The original PSPA were to wind down FnF, it only contains a liquidation end date and not the 4th amendment “terminate conservatorship end date” the PSPA has an open end to the end date, and that is the “liquidation end date”
No, your conclusion does not logically follow from your premises. What has kept FnF in conservatorship is a lack of capital, and FnF were losing money between the start of conservatorship and the NWS. It was the NWS, not the original SPSPAs, that allowed for a wind-down.
Having a set date to end the conservatorships makes no sense because there was no way for FHFA to know in advance when FnF would have enough capital to leave. The "Liquidation End Date"
that would have been pretty stupid right, the goal of conservatorship is to put in sound and solvent condition, if treasury would have refused this duty it makes the Treasury unreliable a party of last resort, this is something treasury would NEVER EVER want their name attached to
Treasury does not have a mandate for safety/soundness or to conserve/preserve assets. Those belong to FHFA alone.
I’m not sure how to point this out more clearly to you but “no court may take any action at the request of the director” or because “HERA says no court may take any action” then HERA is not answerable to the separation of powers ?
It's not that you're being unclear, it's that you're incorrect. The separation of powers claims in the Collins case have nothing to do with 4617(f). That's just a plain fact. Questions 3 and 4, which are part of Collins v Yellen, address the separation of powers claims. Question 2, which is part of Yellen v Collins, addresses 4617(f), and only as a matter of interpretation, not as a challenge to 4617(f) itself.
Several circuits, including the Fifth, Ninth, and Eleventh, have already ruled that they can review ultra vires actions by FHFA as conservator. You act like no court can ever take action no matter what, and that was proven wrong by the Fifth Circuit en banc panel majority ruling on page 18:
Other circuits follow the same interpretation. Even our sister courts that rejected claims like Counts I–III acknowledge the same rule: “Section 4617(f) will not protect the Agency if it acts either ultra viresor in some third capacity” besides conservator or receiver.72 So have circuits deciding unrelated cases against FHFA. To quote the Ninth Circuit, “the anti-judicial review provision is inapplicable when FHFA acts beyond the scope of its conservator power.”73 And the Eleventh Circuit holds that “[t]he FHFA cannot evade judicial scrutiny by merely labeling its actions with a conservator stamp.”74Th
Again, the separation of powers claim in Collins has nothing to do with 4617(f). Only the combination of a single director and for-cause removal protection.
Yes well that is the beauty of it, if you do not “conserve and preserve” and siphon of all profits and fail to prevent this action or “now we know” fail to amend this “now we know” 9 years later, it is an inaction of the FHFA, this inaction violates the duty the FHFA has to conserve and preserve, so because it failed to perform their duty, the conservatorship itself is at stake
Not even close to correct. The siphoning of the profits only happened with the NWS, not the original SPSPAs because the senior pref dividends could have been paid in kind. And since the NWS is the only thing that violated FHFA-C's conserve/preserve mandate, it is the only thing in danger of being voided.

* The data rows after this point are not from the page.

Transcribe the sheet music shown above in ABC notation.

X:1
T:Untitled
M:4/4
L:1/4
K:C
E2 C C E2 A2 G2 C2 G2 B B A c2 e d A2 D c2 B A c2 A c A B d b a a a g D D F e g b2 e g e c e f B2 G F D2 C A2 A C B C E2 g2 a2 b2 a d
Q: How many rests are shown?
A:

So because 4617(f) says it cannot take action, and the 3th is an inaction & ultra virres, the court takes an action to the prohibited action, and therefore it has to go(not only because of this, but also as “for cause” is also an issue in this)

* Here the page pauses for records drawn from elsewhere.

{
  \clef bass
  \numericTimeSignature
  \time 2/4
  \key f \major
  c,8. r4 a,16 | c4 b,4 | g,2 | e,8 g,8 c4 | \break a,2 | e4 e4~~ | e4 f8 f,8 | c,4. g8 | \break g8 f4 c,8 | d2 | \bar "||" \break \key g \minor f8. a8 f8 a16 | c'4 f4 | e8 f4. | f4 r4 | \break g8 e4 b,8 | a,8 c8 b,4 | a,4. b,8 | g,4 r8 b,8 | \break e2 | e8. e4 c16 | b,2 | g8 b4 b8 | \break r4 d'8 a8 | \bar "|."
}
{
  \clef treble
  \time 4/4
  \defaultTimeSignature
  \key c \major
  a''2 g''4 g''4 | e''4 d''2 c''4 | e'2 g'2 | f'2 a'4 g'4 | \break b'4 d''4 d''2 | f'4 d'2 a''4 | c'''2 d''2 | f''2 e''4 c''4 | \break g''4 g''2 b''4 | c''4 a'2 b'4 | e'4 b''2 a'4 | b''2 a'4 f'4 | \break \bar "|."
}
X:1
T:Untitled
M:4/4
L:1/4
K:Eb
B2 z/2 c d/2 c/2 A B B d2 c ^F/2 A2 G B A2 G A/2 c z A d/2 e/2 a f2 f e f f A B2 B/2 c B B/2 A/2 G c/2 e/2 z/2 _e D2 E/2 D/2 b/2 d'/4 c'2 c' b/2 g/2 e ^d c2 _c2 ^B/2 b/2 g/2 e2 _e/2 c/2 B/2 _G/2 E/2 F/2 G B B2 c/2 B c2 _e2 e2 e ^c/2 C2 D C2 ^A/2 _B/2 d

The NWS was an action, and each payment made under the NWS was an action. This action/inaction argument is leading nowhere.
And the "it" that "has to go" is the NWS, not 4617(f).

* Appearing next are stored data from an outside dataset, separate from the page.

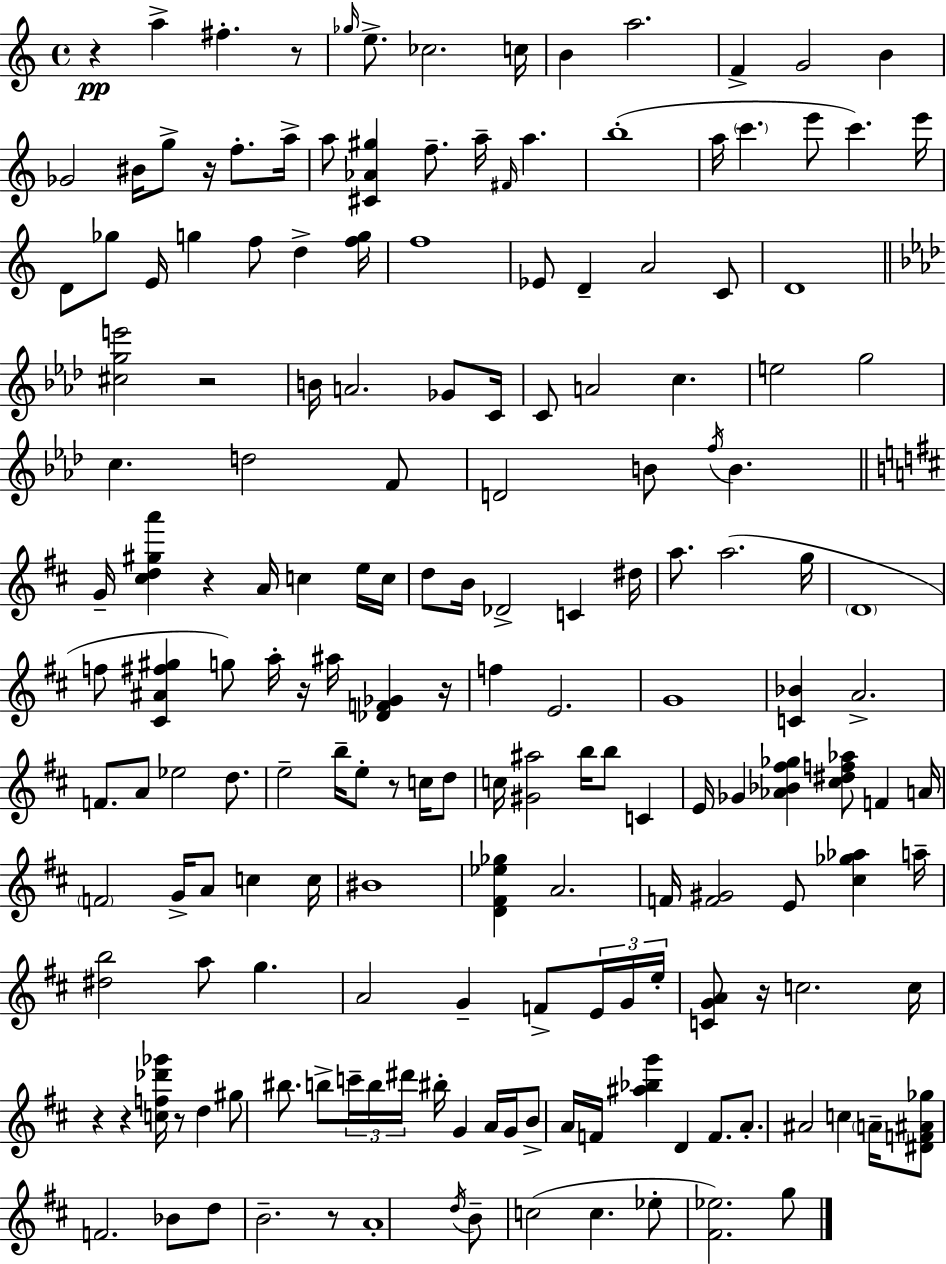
X:1
T:Untitled
M:4/4
L:1/4
K:Am
z a ^f z/2 _g/4 e/2 _c2 c/4 B a2 F G2 B _G2 ^B/4 g/2 z/4 f/2 a/4 a/2 [^C_A^g] f/2 a/4 ^F/4 a b4 a/4 c' e'/2 c' e'/4 D/2 _g/2 E/4 g f/2 d [fg]/4 f4 _E/2 D A2 C/2 D4 [^cge']2 z2 B/4 A2 _G/2 C/4 C/2 A2 c e2 g2 c d2 F/2 D2 B/2 f/4 B G/4 [^cd^ga'] z A/4 c e/4 c/4 d/2 B/4 _D2 C ^d/4 a/2 a2 g/4 D4 f/2 [^C^A^f^g] g/2 a/4 z/4 ^a/4 [_DF_G] z/4 f E2 G4 [C_B] A2 F/2 A/2 _e2 d/2 e2 b/4 e/2 z/2 c/4 d/2 c/4 [^G^a]2 b/4 b/2 C E/4 _G [_A_B^f_g] [^c^df_a]/2 F A/4 F2 G/4 A/2 c c/4 ^B4 [D^F_e_g] A2 F/4 [F^G]2 E/2 [^c_g_a] a/4 [^db]2 a/2 g A2 G F/2 E/4 G/4 e/4 [CGA]/2 z/4 c2 c/4 z z [cf_d'_g']/4 z/2 d ^g/2 ^b/2 b/2 c'/4 b/4 ^d'/4 ^b/4 G A/4 G/4 B/2 A/4 F/4 [^a_bg'] D F/2 A/2 ^A2 c A/4 [^DF^A_g]/2 F2 _B/2 d/2 B2 z/2 A4 d/4 B/2 c2 c _e/2 [^F_e]2 g/2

What would you say if the Supreme Court struck down 4617(f) but upheld the NWS as legal? It wouldn't help shareholders at all! You are tilting at the wrong windmill here.
Assumption, you will find no document pre-2008 claiming the implicit needs to change to explicit, pure fantasy
That has nothing to do with what I said. You act as if a $200B backstop is meaningless and I strongly disagree. That is an enormous amount of money compared to the losses FnF stand to suffer in a downturn, but their current capital levels aren't. If a housing downturn were to happen right now, Treasury's backstop would be the only thing preventing receivership, which would impose losses on creditors (thus triggering the meltdown).
the warrants cannot be exercised as long as the litigation is outstanding, as the litigation might have a consequence on the warrants
No. There is not even a single case out there which seeks to overturn anything more than the NWS. Washington Federal only wants money, and filed their suit in a court that can't overturn the conservatorships, original SPSPAs, or warrants anyway.